Weighted CAPTCHA rate by connection security

Purpose

Understanding the effect of using TLS and not using TLS on the probability of seeing a CAPTCHA

Steps to produce

  1. Get consensuses from CollecTor
  2. Repeat the following for each consensus:
    1. Parse and memorize the valid-after & fresh-until timestamps from the consensus header and bandwidth-weights values from the footer
    2. Repeat the following for each running exit relay entry within the consensus:
      1. Parse the r line and memorize the IPv4 address and identity
      2. Parse the w line and memorize the bandwidth
      3. Parse the s line and memorize the relay flags
    3. Calculate the weighted exit probabilities using the bandwidth-weights from the consensus, bandwidth values, and flags for each exit relay (see an example calculation here)
    4. Use CAPTCHA Monitor API to get measurements that were completed using Tor and between the valid-after & fresh-until timestamps of the consensus
    5. Use CAPTCHA Monitor API to get the list of URLs that are used in the experiments. This list contains the metadata about the URLs.
    6. Join the measurements, URL list, and relay data using the relay fingerprints and URLs. Typically each relay and URL map to multiple measurements.
    7. Distribute the joined data into 2 bins based on whether the is_https field of each entry is 1 or 0
    8. Repeat the following for each bin:
      1. Further bin the measurements into sub-bins based on the exit relay used to perform the measurement
      2. Repeat the following for each exit relay in each sub-bin:
        1. Count the total number of measurements in this sub-bin that were completed using this exit relay
        2. Count the total number of measurements in this sub-bin that were completed using this exit relay and have is_captcha_found field set to 1
        3. Calculate the percentage of measurements that received CAPTCHA using \frac{Step 2.8.2.2}{Step 2.8.2.1} \times 100
      3. Calculate the weighted average of the percentage values (obtained in Step 2.8.2.3) using exit probabilities (obtained in Step 2.3) as the scaling factor
    9. Plot the weighted percentage values for each bin in the Y-axis and the valid-after timestamp of the consensus in the X-axis
  3. Merge the graphs created for each consensus

Related questions

  • (14) Is there a difference if the origin server has an SSL certificate or not?
    • (14.1) Does the blocking change if the SSL certificate is issued by Cloudflare or by another entity?

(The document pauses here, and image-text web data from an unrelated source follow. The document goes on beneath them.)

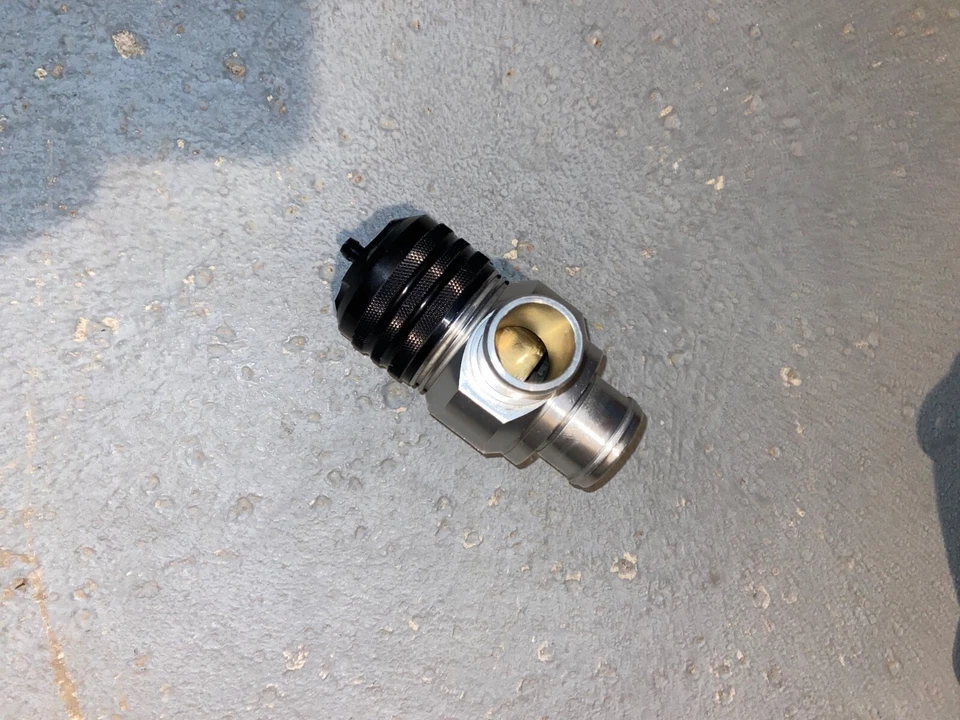 Válvula de soplado híbrida TurboXS BOV tipo XS para 15+ Subaru WRX FA20DIT Foto 3 de 4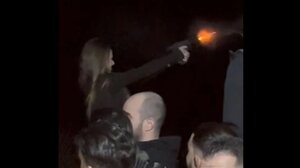 Έρευνα της ΕΛΑΣ για βίντεο που καταγράφει γυναίκα αστυνομικό να πυροβολεί σε γλέντι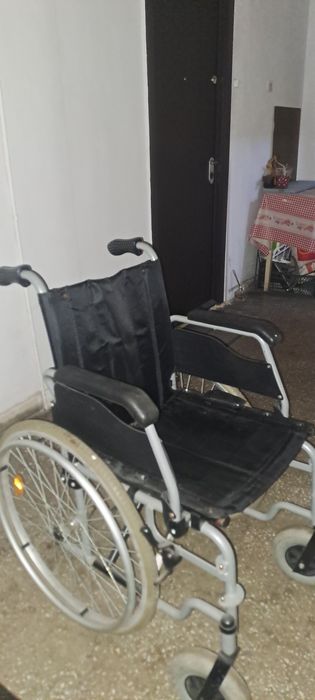 Scaun cu rotile persoane cu handicap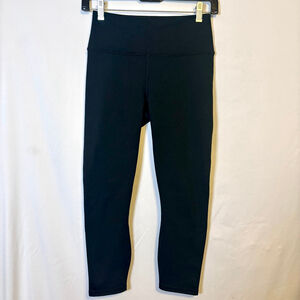 Fabletics PowerHold Black Cropped Athletic Activewear Leggings High-Rise Small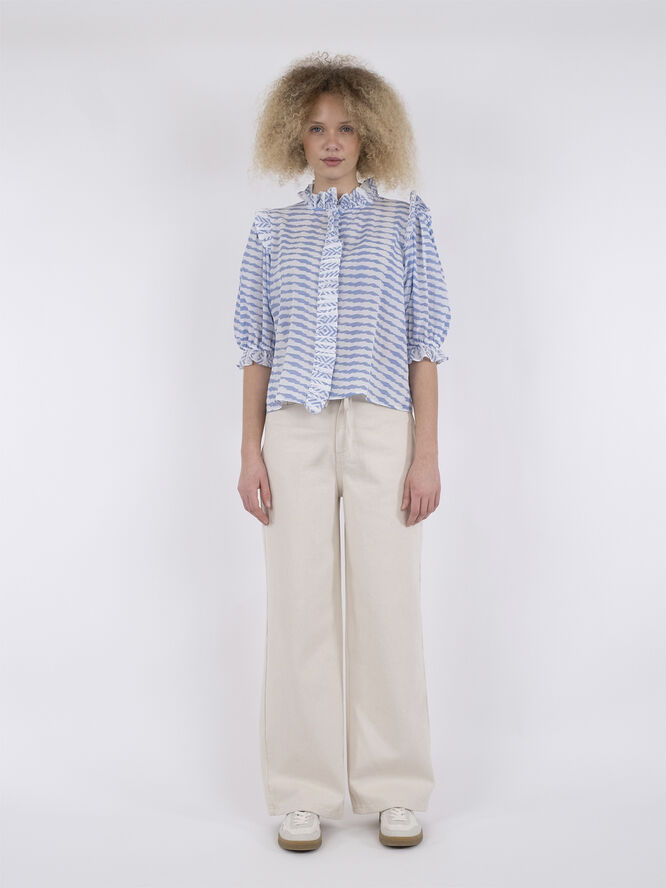 Neo Noir Chacha Graphic Blouse Light blue
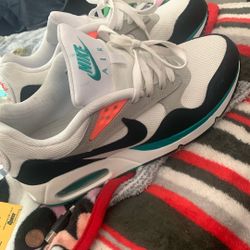 Nike Air Max Size 9 Like New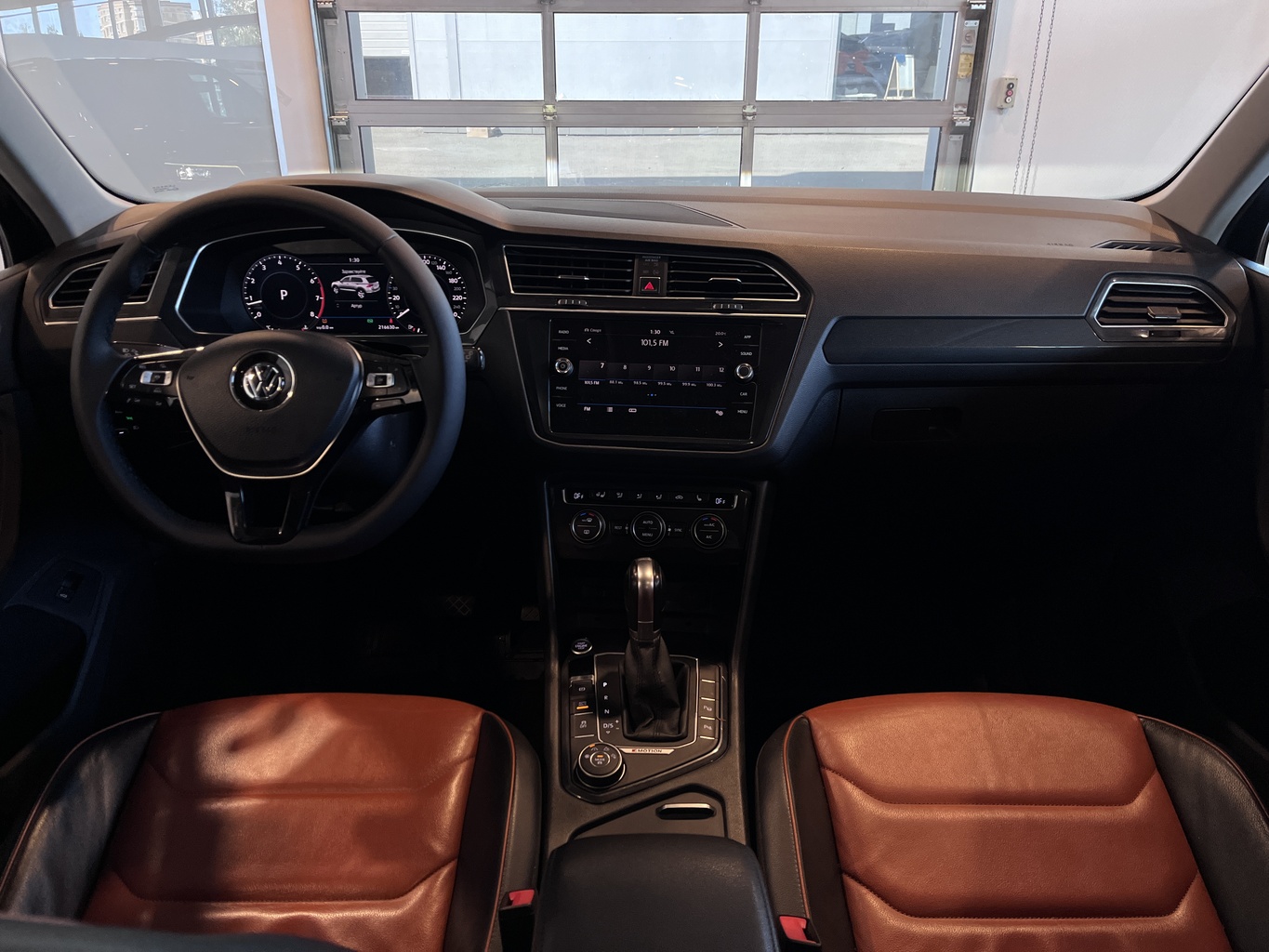 VOLKSWAGEN TIGUAN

Weighted CAPTCHA rate by HTTP request quantity

Purpose

Understanding the effect of connecting to websites that require single or multiple HTTP requests to load on the probability of seeing a CAPTCHA

Steps to produce

  1. Get consensuses from CollecTor
  2. Repeat the following for each consensus:
    1. Parse and memorize the valid-after & fresh-until timestamps from the consensus header and bandwidth-weights values from the footer
    2. Repeat the following for each running exit relay entry within the consensus:
      1. Parse the r line and memorize the IPv4 address and identity
      2. Parse the w line and memorize the bandwidth
      3. Parse the s line and memorize the relay flags
    3. Calculate the weighted exit probabilities using the bandwidth-weights from the consensus, bandwidth values, and flags for each exit relay (see an example calculation here)
    4. Use CAPTCHA Monitor API to get measurements that were completed using Tor and between the valid-after & fresh-until timestamps of the consensus
    5. Use CAPTCHA Monitor API to get the list of URLs that are used in the experiments. This list contains the metadata about the URLs.
    6. Join the measurements, URL list, and relay data using the relay fingerprints and URLs. Typically each relay and URL map to multiple measurements.
    7. Distribute the joined data into 2 bins based on whether the requires_multiple_reqs field of each entry is 1 or 0
    8. Repeat the following for each bin:
      1. Further bin the measurements into sub-bins based on the exit relay used to perform the measurement
      2. Repeat the following for each exit relay in each sub-bin:
        1. Count the total number of measurements in this sub-bin that were completed using this exit relay
        2. Count the total number of measurements in this sub-bin that were completed using this exit relay and have is_captcha_found field set to 1
        3. Calculate the percentage of measurements that received CAPTCHA using \frac{Step 2.8.2.2}{Step 2.8.2.1} \times 100
      3. Calculate the weighted average of the percentage values (obtained in Step 2.8.2.3) using exit probabilities (obtained in Step 2.3) as the scaling factor
    9. Plot the weighted percentage values for each bin in the Y-axis and the valid-after timestamp of the consensus in the X-axis
  3. Merge the graphs created for each consensus

Related questions

  • (13) Is there a difference between websites that load resources from third-party resources and websites that contain all resources on the origin server? [ticket:33010#comment:6]
    • (13.1) How do users of websites get affected if the main website is not fronted by Cloudflare, but some of the resources are fetched from a Cloudflare fronted web server? [ticket:33010#comment:6], [ticket:15450]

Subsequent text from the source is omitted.